Biases are inherent to any collection and analysis process, and depend on the objective of a given research. Of course, this problem is well known in science, and more particularly in statistics, which has developed complex tools and methods to limit or better understand their consequences on results. Tackling "social" biases with consciousness thus appears as a way to ensure quality research and the possibility of opening up new and unexpected avenues. However, with the rise of Big Data - and the aggregation of large disparate data sets - this critical awareness seems in many cases to be relegated - voluntarily or involuntarily - to the background of the analysis.

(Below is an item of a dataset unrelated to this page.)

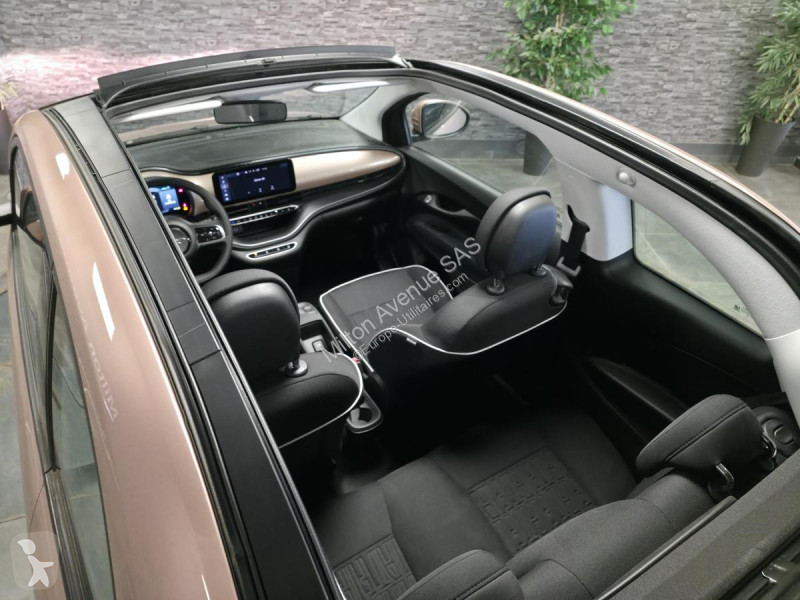 عربة نفعية Fiat 500 Fiat Cabriolet Electrique...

Coupled with the sometimes blind trust placed in certain emerging data analytics methods, this tendency is not without societal risk, as these data sometimes support political, economic and social decision-making processes, reinforcing the importance of a in-depth understanding of "social" biases.
Through concrete examples drawn from their research, the speakers at this seminar will present how “social” biases appear in their research and how they tackle these issues. These presentations will notably highlight that all data sets are almost always biased. Consequently, the study of this problem has a long-lasting history in sciences, but also in official statistics, while a rich tool of methods exists to handle what today is often called ‘social bias’. They will also underline that the distinction between noise and information can never be taken for granted, while the bias of one research project can become the very data of another one. In this respect, separating noise from information is always a political choice, which should be thoroughly thought, explicitly discussed, and painstakingly implemented. Finally, the speakers will also show how the great uniformity of the population of developers and managers (white men from the middle or upper classes) reinforces the gender bias of artificial intelligence, and how this situation calls for a better understanding of the stakes of data through a more education.
Program
Bias – Sample Bias – Selection Bias – Social Bias
Stefan Sperlich, Professor of Statistics and Econometrics, Geneva School of Economics and Management.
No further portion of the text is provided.